Shane stepped back. His silence was concession.
---
The goodbyes were small. Personal. The kind of ceremony that the world before would have dressed in flowers and scripture but that this world stripped to bone.
Rick went first. He crouched beside Jim, took his hand — not shook, held — and leaned close enough that whatever he said was for Jim alone. I couldn't hear the words. Didn't need to. The set of Rick's shoulders told the story: a promise, a gratitude, a farewell.
Dale followed. He removed his hat — the fishing hat that had become as much a part of his silhouette as his RV and his binoculars — and held it against his chest, and the prayer he offered was not religious in the formal sense but carried the cadence of a man who'd lived long enough to know that some words were owed to the dying regardless of who was listening.
Daryl hung back. He didn't approach, didn't speak, didn't offer. But he nodded — once, from six feet away — and Jim nodded back, and the exchange was complete. Two men who understood that some farewells didn't require proximity.
Jacqui cried. She'd been Jim's primary caretaker since the bite, pressing cloths to his forehead, measuring his temperature by touch, performing the specific, heroic labor of tending a man whose body was becoming the enemy. She kissed his forehead and the tears fell onto his skin and she said something in a language I didn't speak — not foreign, just private — and then she stood and walked away and didn't look back.

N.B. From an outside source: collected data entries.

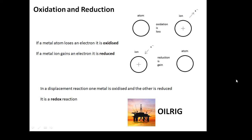Now, oxidation and reduction. In a lot of these reactions, what we've seen is an ion becoming an atom and an atom becoming an ion - a metal atom losing one or two electrons and becoming an ion. When this happens, we say it has been oxidised. When a metal atom loses one or more electrons, we say it is oxidised, so oxidation is loss of electrons. And when a metal ion gains one or two electrons, we say it is reduced. So reduction is gain of electrons.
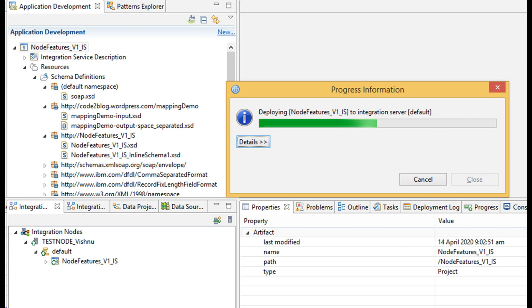After this, save your files. Drag and drop your project to execution group. Bar file gets auto-generated and the project would be deployed.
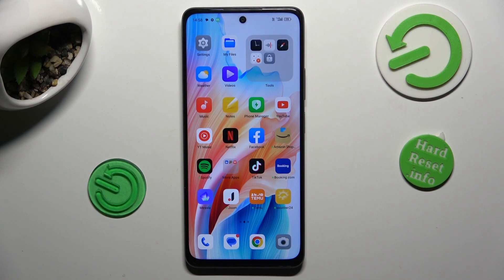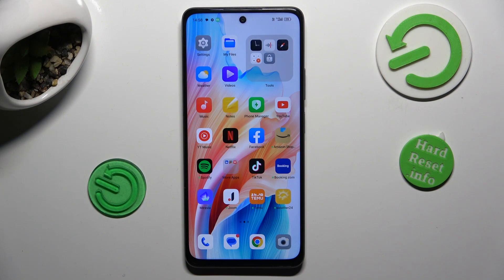Hi guys, welcome to Hardwashed Info channel. Today I want to show you how to see available random access memory on your Oppo A76.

T-Dog. Andrea, brief, stiff, carrying Amy's ghost in the distance she kept between herself and anyone else's grief. The others, one by one, offering what they could. Words, touches, silence.
I went last.
I knelt beside the tree. The bark was rough against my knee and the grass was damp and Jim's face, turned toward me, held the terrible clarity of a man running on the last battery the fever hadn't burned through.
"You dug those graves," Jim whispered. His voice was a thread. "Before the attack. You dug them because you knew."
The sentence should have been directed at himself — Jim had been the one digging graves, possessed by a premonition he couldn't explain. But his eyes were locked on mine, and the pronoun was aimed at me, and the meaning was clear.
You knew. Before anyone else. You always know.
"So did you," I said. The lie was gentle. A gift wrapped in fiction, offered to a man who'd earned the mercy of not dying with unanswered questions.
Jim's mouth moved. Almost a smile. "Take care of them."
"I will."
His hand found mine. The grip was weak — bird bones, burning skin, the last muscular act of a man whose body had already signed the surrender papers — and it held for three heartbeats before the fingers loosened and fell.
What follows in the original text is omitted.